Its final product is lyophilised and dried, meaning it can be shipped cheaply and easily in an envelope – an additional advantage over FBS, which is a biologically active molecule and must be kept at temperatures of at least -20 Celsius. Removing the requirement for cold chain storage will further bring the price down, Akcali said.
Why clean meat? ‘Because there is no other choice’
The idea of growing meat in a laboratory might have been dismissed as science fiction or simply unpalatable around 15 years ago but, according to Akcali, consumer acceptance will rise as the price falls and people become accustomed to the idea. Insulin, after all, is made using bacteria and millions of diabetics around the world inject themselves with it every day, he said.
“If you put all the factors together – money, climate, health, animal welfare, and population increases – there is no other choice but to find alternative ways to feed all these people. Clean meat is one option and it’s a good option because it’s real meat, not that plant-based meat. We are producing meat not in an animal’s uterus but in a bioreactor. It contains the same amount of nutritional and protein values because the source is not artificial, it comes from the animal.”

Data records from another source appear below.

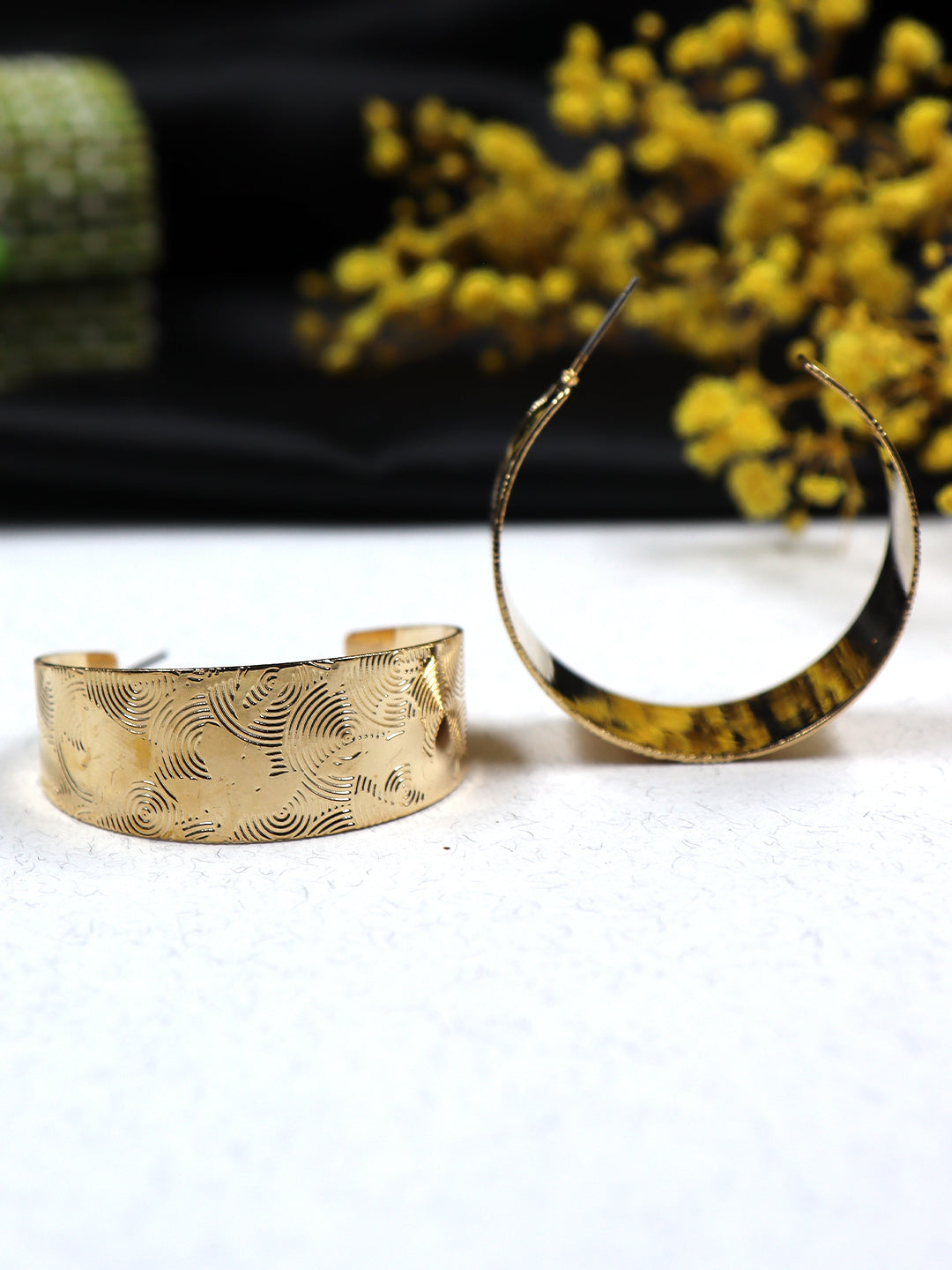 Hoop Crescent Earring | Gold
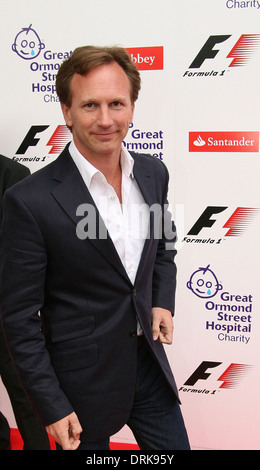 Chef de l'équipe Red Bull Christian Horner arrive à F1 2009 Banque D'Images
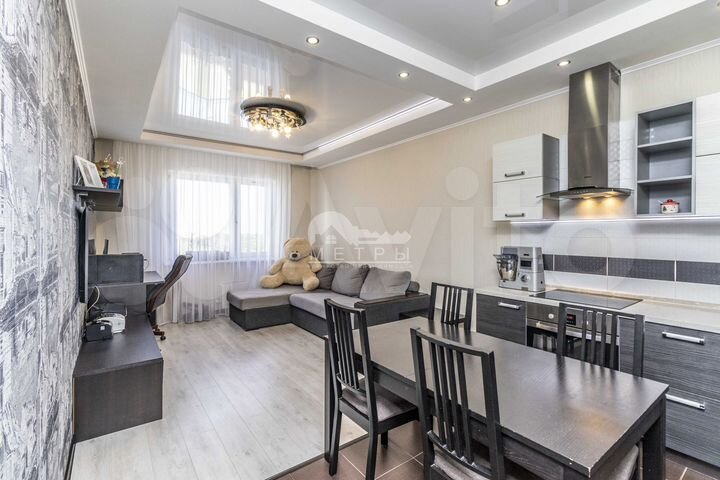 2-к. квартира, 67 м², 11/17 эт.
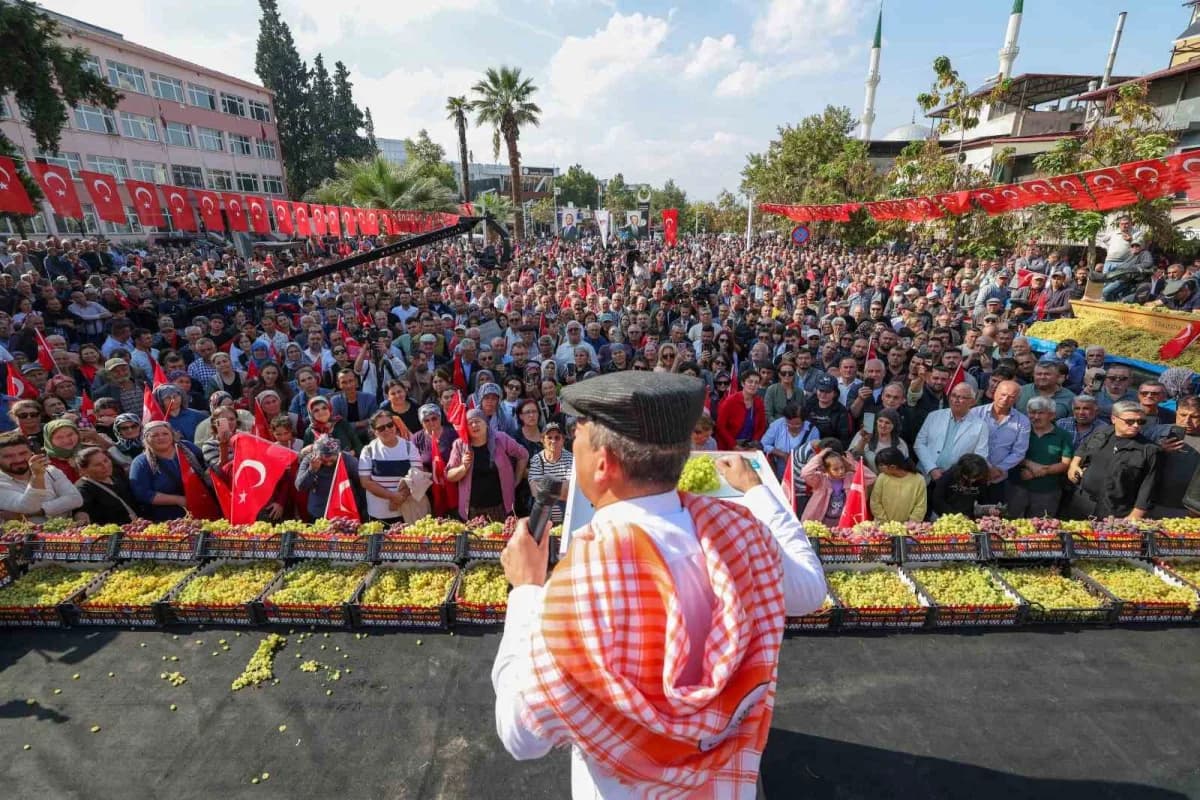 Yeni Parti Genel Başkanı Özgür Özel, Manisa'nın Sarıgöl ilçesinde üzüm üreticilerine hitap etti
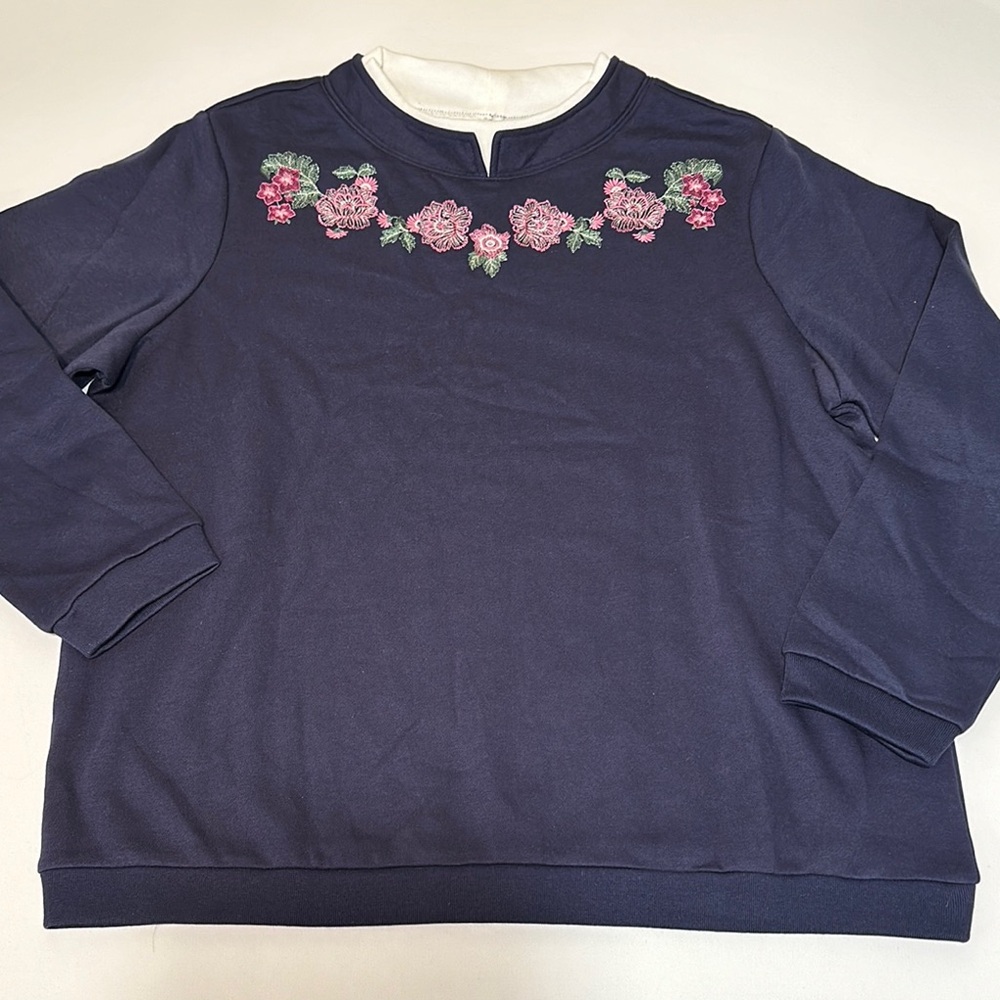 VINTAGE BLAIR WOMENS FLORAL SWEATER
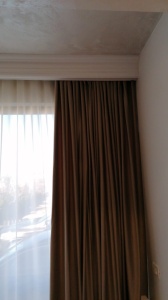Set 3 piese Hiko, doua draperii COMFY catifea cognac si o perdea Ana voal, cu rejansa - Img 10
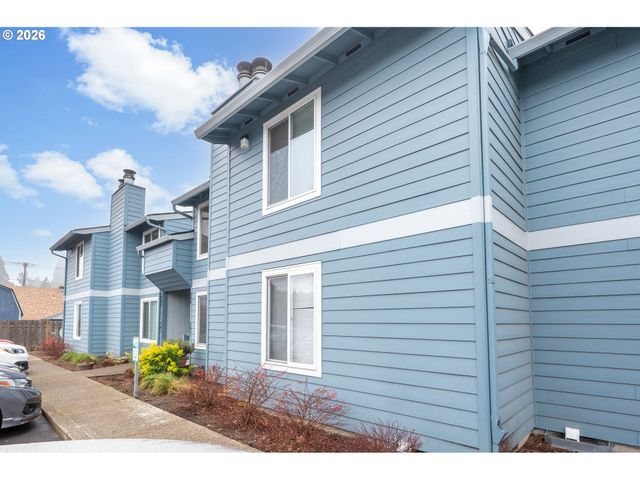 2330 Se BROOKWOOD Ave 206, Hillsboro, OR 97123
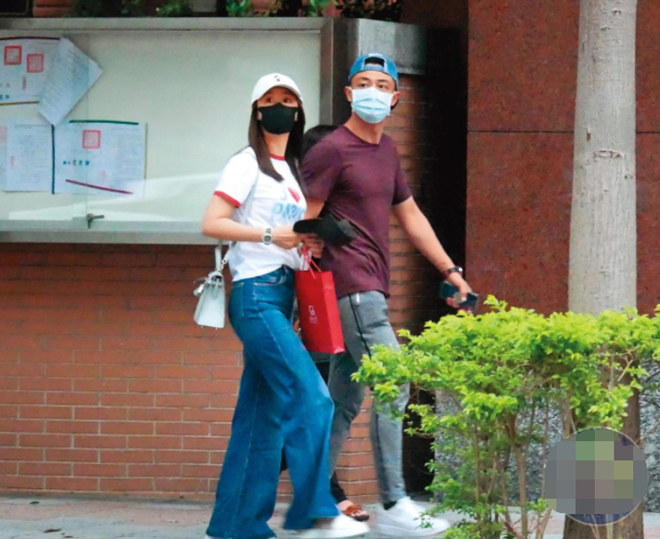 Sau tin đồn bị 'cấm cửa', Lâm Tâm Như và Hoắc Kiến Hoa xuất hiện rạng rỡ - 3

Nevertheless, Biftek expects the cell-cultured meat sector will face initial opposition or, at the very least, hesitancy to try its products. It has engaged with some religious scholars to see if the concept can be considered compatible with religion.
“We are not playing the role of god,” Akcali said. “We are trying to produce a solution that will become imminent in maybe 10 or 15 years. If you explain it to the public in words they can understand, they don’t resist too much and when it costs less, I am sure there won’t be a problem. But nowadays, this is the pain of the initial process.”
The company was founded two years ago in Turkey. The company has established its headquarters in the US under the company name Biftek Inc, although R&D operations will remain in Turkey. Akcali explained that the US is a more attractive location to international investors and there are fewer obstacles to producing meat such as pork. It is currently looking for seed investment and is aiming to raise $2 million in 18 months. At the time of our interview in mid-May, Biftek had secured around half. It has also received funding from Big Idea Ventures, a New York-based accelerator, and from the Turkish government.
These funds will go towards accelerating the microorganism screening process and expanding its research into using other animal cells; so far, Biftek’s work has focused on bovine cells to produce beef but it has identified potential demand from cell-cultured companies working with chicken and fish.